I am new to Cassandra and at work I have a 4 node cluster. nodetool gossipinfo tells me that there are one datacentre, 2 racks and 2 nodes in each rack. Replication factor is defined as 2. nodetool ring tell me that each node has 50% ownership. There are 2 seed nodes in our config. Each rack has 1 seed node.

Does this mean that for each rack, there is one seed node and its replicated node. If that is the case then why is datasize not the same for seed node and its replicated node.

what happens if one node goes down. Will it have any impact on the data availability of the cluster.

1

1 Answers

1
votes

Seeds

Seeds nodes are only special in the way that new nodes that join the cluster contact the seed nodes to find out about other nodes and the topology of the ring. But in Cassandra, all nodes are the same, i.e. there are no master or slave, no primary or secondary node. Because of this, you can elect any (or all) node as the seed.

Since seeds only relate to gossip information, it does not have anything to do with replicated data.

Size

In relation to data size, each node will never be exactly the same since each partition/row size is never the same. If you look at the nodetool cfstats output, you will see that there is a big range between minimum and maximum sizes.

Availability

If the reads are done with a consistency level CL=ONE, then if a node is down the other replica will continue to serve requests. But if reads are done with a higher consistency, then reads will fail since it needs 2 nodes to be available, i.e. CL=LOCAL_QUORUM requires [ RF/2 + 1 ] nodes to respond.

EDIT: Response to:

Shouldn't each node own 25%?

Ownership

In Cassandra, data is not "distributed" across ALL nodes in ALL DCs.

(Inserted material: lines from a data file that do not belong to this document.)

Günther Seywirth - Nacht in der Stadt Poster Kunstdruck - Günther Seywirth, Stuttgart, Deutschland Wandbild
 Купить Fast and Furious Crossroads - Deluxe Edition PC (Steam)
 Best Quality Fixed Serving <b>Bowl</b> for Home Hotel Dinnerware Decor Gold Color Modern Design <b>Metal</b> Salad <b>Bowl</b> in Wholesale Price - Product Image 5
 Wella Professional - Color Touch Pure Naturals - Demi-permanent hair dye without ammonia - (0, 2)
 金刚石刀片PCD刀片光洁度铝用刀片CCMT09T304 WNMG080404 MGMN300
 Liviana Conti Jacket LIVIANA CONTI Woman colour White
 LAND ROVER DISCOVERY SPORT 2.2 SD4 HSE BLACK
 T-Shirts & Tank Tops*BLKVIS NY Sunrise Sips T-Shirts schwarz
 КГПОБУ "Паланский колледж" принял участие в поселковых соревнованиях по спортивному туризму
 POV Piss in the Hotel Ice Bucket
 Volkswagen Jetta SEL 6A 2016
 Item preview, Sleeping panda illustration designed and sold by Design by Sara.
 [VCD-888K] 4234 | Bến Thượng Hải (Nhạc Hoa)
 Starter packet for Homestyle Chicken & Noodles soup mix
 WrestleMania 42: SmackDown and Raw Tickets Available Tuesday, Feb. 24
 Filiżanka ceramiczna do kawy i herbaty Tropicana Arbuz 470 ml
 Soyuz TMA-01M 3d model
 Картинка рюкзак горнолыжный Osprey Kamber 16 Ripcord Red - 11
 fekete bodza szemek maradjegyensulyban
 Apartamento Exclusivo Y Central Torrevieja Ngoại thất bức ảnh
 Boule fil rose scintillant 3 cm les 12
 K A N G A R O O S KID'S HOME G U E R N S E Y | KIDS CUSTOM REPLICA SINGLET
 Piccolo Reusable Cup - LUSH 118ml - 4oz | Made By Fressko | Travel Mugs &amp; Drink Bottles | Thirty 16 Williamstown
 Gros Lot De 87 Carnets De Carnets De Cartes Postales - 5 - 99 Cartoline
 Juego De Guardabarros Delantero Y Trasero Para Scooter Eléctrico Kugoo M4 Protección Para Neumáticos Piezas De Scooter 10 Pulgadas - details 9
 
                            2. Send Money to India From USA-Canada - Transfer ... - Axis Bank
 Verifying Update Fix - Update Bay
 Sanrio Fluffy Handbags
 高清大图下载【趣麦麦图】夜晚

In fact, a DC is a copy of another DC depending on the replication factor.

To illustrate, consider the following keyspace definition:

CREATE KEYSPACE "myKS"
    WITH REPLICATION = {
        'class' : 'NetworkTopologyStrategy', 
        'DC1' : 2,
        'DC2' : 2};

Based on this definition, it means that the myKS keyspace has 2 replicas in DC1 and 2 replicas in DC2. Since each of your data centres only have 2 nodes, this effectively means that each DC is a copy of each other.

Following from that, since the tokens are split between 2 nodes, each node owns half of the data which is 50%. So in DC1, each node owns 50% and in DC2 (which is a copy of DC1) each node also owns 50%.